Sensitive data requires explicit consent and more rigorous security measures. Processing sensitive data also triggers mandatory data processing impact assessment filing requirements that do not benefit from small-business exemptions.
Legal Bases for Processing
The law maintains consent as the primary legal basis for processing personal data but introduces formal non-consent exemptions that did not exist in Decree 13.
Consent must be voluntary, specific, fully informed, and provided separately for each distinct processing purpose. Pre-ticked boxes, silence, inaction, and bundled consent mechanisms are expressly prohibited. Organizations must be able to demonstrate that valid consent was obtained and must maintain verifiable consent records.
Non-consent bases recognized by the law include:
- Protection of the life or health of the data subject or another person
- Fulfillment of a legal obligation
- Performance of a contract to which the data subject is party
- Response to national emergencies or public health crises
- Support for state agency operations in accordance with the law
- Other specific circumstances defined by law
Organizations relying on non-consent bases must document their legal basis for processing and implement monitoring mechanisms including risk assessments and compliance inspections.

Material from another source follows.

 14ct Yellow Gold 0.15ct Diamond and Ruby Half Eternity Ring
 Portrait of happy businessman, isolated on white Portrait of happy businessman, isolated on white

For sensitive personal data, consent remains mandatory in most circumstances even when a non-consent basis would otherwise apply.
Data Subject Rights
The law expands and clarifies the data subject rights established in Decree 13. Decree 356 specifies the response timelines that the law itself leaves open.
Right to be informed. Data subjects must be clearly informed before or at the time of data collection about the types of data being collected, the purposes of processing, the identity and contact details of the data controller, any third parties who will have access to the data, and the data subject's rights and obligations.

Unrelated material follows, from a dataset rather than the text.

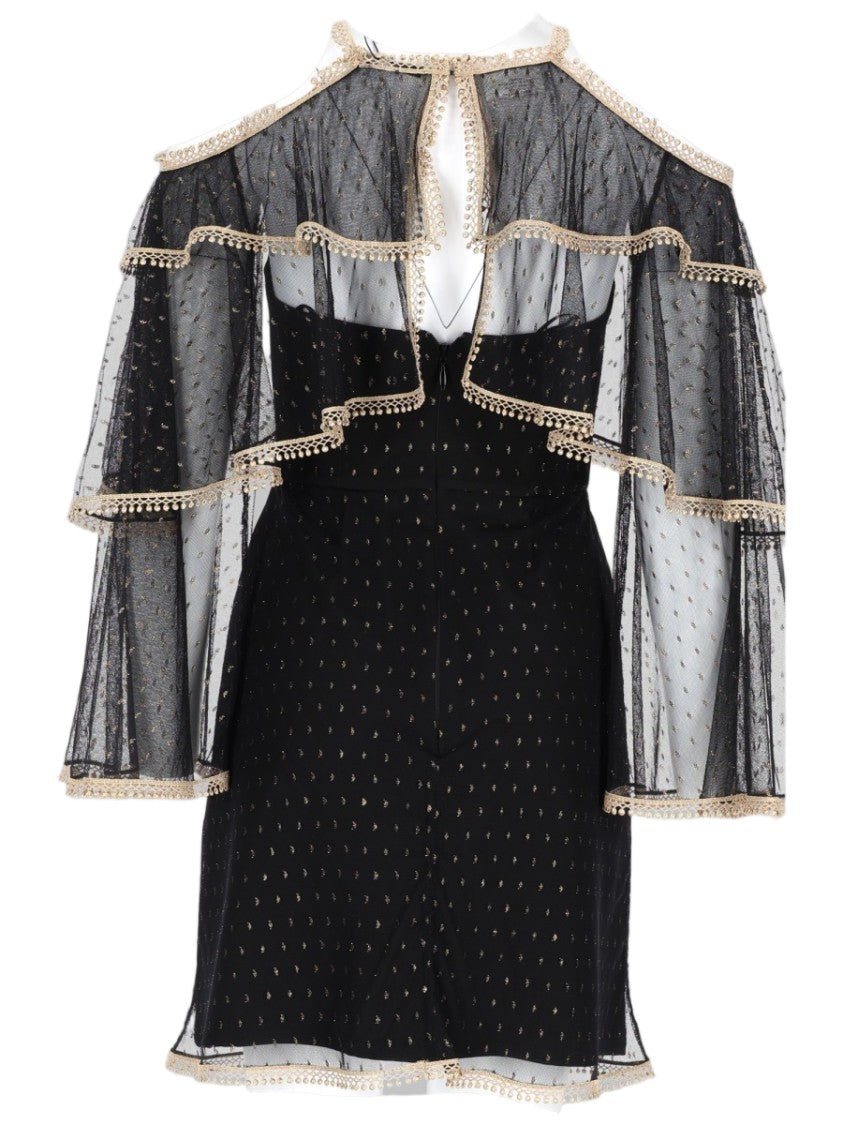 Thurley Polka Dot Overlay Mini Dress With Sweetheart Neckline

Right to consent and withdraw consent. Data subjects may grant or refuse consent for processing and may withdraw consent at any time. Under Decree 356, controllers must act on consent withdrawals within 15 days.

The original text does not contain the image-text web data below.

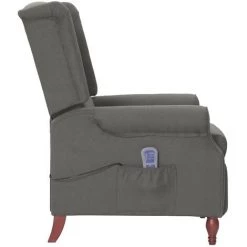 YOUTHUP Fauteuil De Massage Inclinable Gris Clair Tissu - Gris 9 YOUTHUP Fauteuil De Massage Inclinable Gris Clair Tissu - Gris -Pas Cher Fauteuil Magasin 60367265 3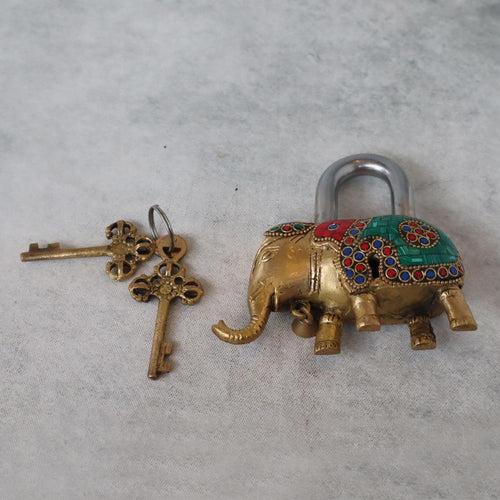 Elephant Padlock With Two Keys by Satgurus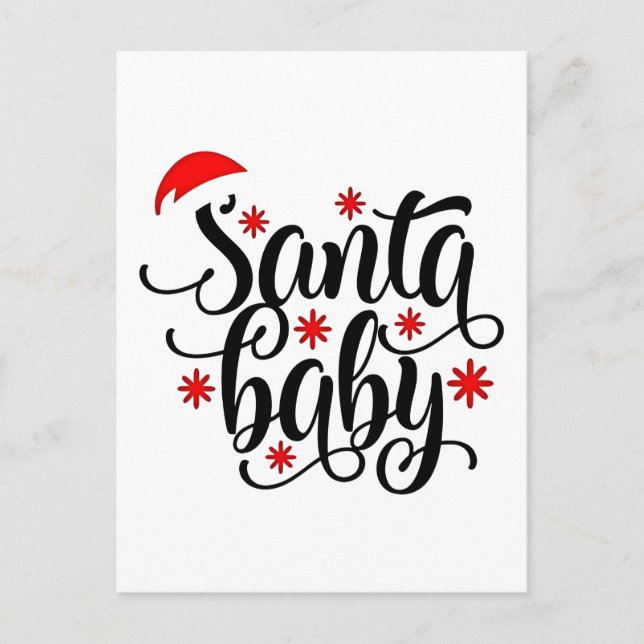 Santa Baby Pregnancy Announcement Christmas Santa (Front)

Right of access. Data subjects may request information about what personal data is being processed, the purposes and legal basis for processing, and the categories of recipients. Controllers must respond within 10 days.
Right of rectification. Data subjects may request correction of inaccurate or incomplete data. Controllers must respond within 10 days.
Right of deletion. Data subjects may request deletion of personal data when the purpose of processing has been fulfilled, consent has been withdrawn, or the data was unlawfully collected. Controllers must respond within 20 days.
Right to restrict processing. Data subjects may request that processing be suspended while a dispute about accuracy or legality is pending.
Right to data portability. Data subjects may request their personal data in a format that allows transfer to another controller.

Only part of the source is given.